I don’t know about you, but it is Girl Scout cookie season! I bought multiple boxes of course (how can you say no to them?).
Chris and I made our first attempt of homemade tagalongs the other day, they were so good!
Homemade TagalongsRecipe adapted from Baking Bites
- 1 cup butter, room temperature
- 1/2 cup sugar
- 2 cups all purpose flour
- 1/4 tsp baking powder
- 1/2 tsp salt
- 1/2 tsp vanilla extract
- 2 tbsp milk
How to do it:
- In a large mixing bowl, cream together butter and sugar. Mix in flour, baking powder and salt at a low speed, followed by the vanilla and milk. The dough should come together into a soft ball.
- Take a tablespoon full of dough and flatten it into a disc about 1/4-inch thick. Place on a parchment-lined baking sheet and repeat with remaining dough. Cookies will not spread too much, so you can arrange them fairly closely together.
- Bake cookies for 11-13 minutes, until bottoms and the edges are lightly browned and cookies are set.
- Immediately after removing cookies from the oven, use your thumb or a small spoon to make a depression in the center of each cookie. Cool for a few minutes on the baking sheet then transfer to a wire rack to cool completely.
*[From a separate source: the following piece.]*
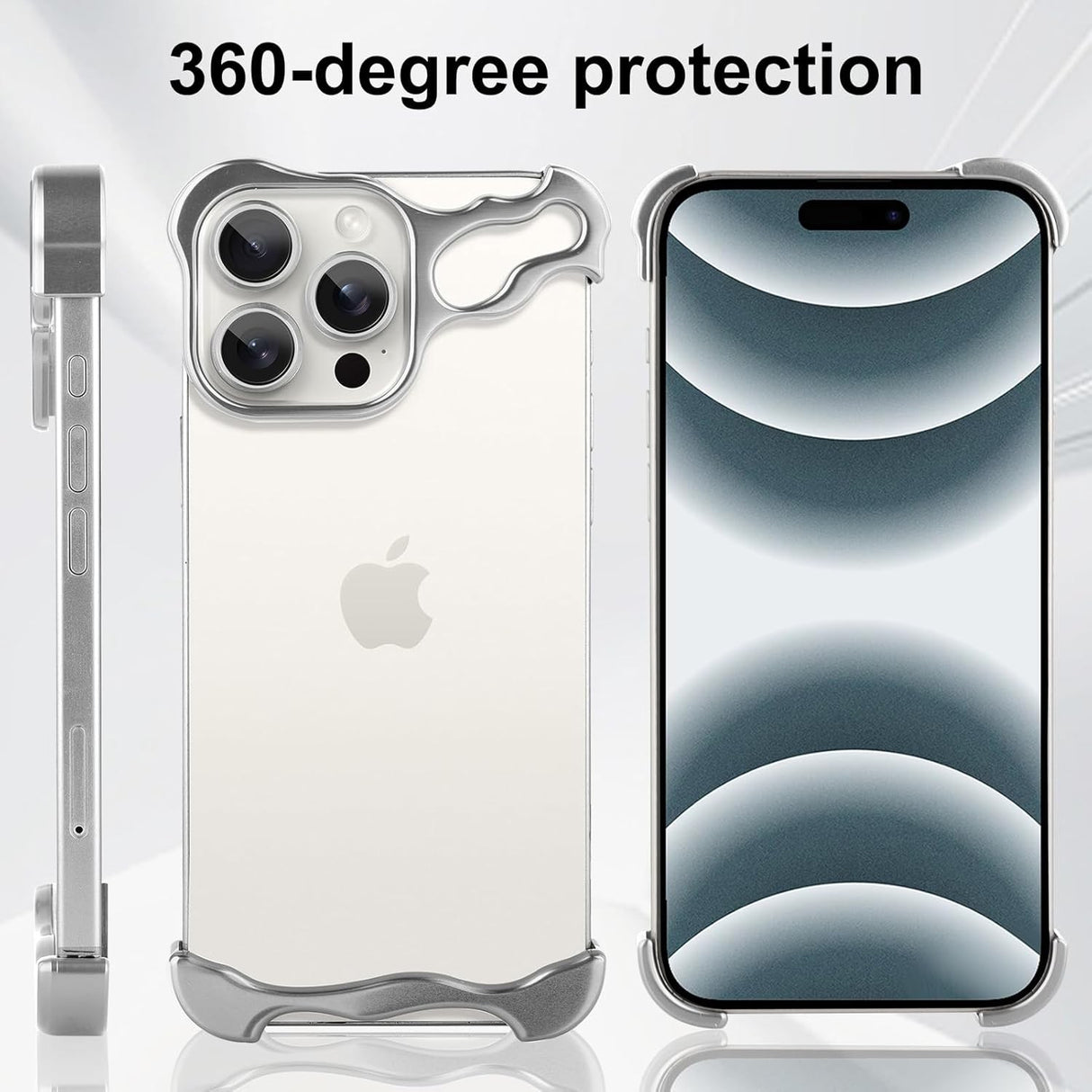 Husa Metalica Compatibila cu iPhone 16 Pro, Vivimall, Protectie pentru Colturile Telefonului si Camera, Aliaj, Antisoc, Antizgariere, Argintiu - vivimall.ro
The next step is to make the creamy peanut butter filling!
1 1/2 cups creamy peanut butter (natural or regular)
3/4 cup confectioners’ sugar
generous pinch salt
1/2 tsp vanilla extract
How to do it:
Whisk together peanut butter, confectioners’ sugar, salt and vanilla in a small microwave-safe bowl. When the mixture has come together, heat it in the microwave (in short intervals, stirring frequently), until it is soft. Working carefully with the warm filling, transfer it to a pastry bag (or plastic bag with the tip cut off) and pipe a generous dome of the filling into each cookie’s “thumbprint”.
After the peanut butter filling has cooled, generously cover the cookies in melted chocolate.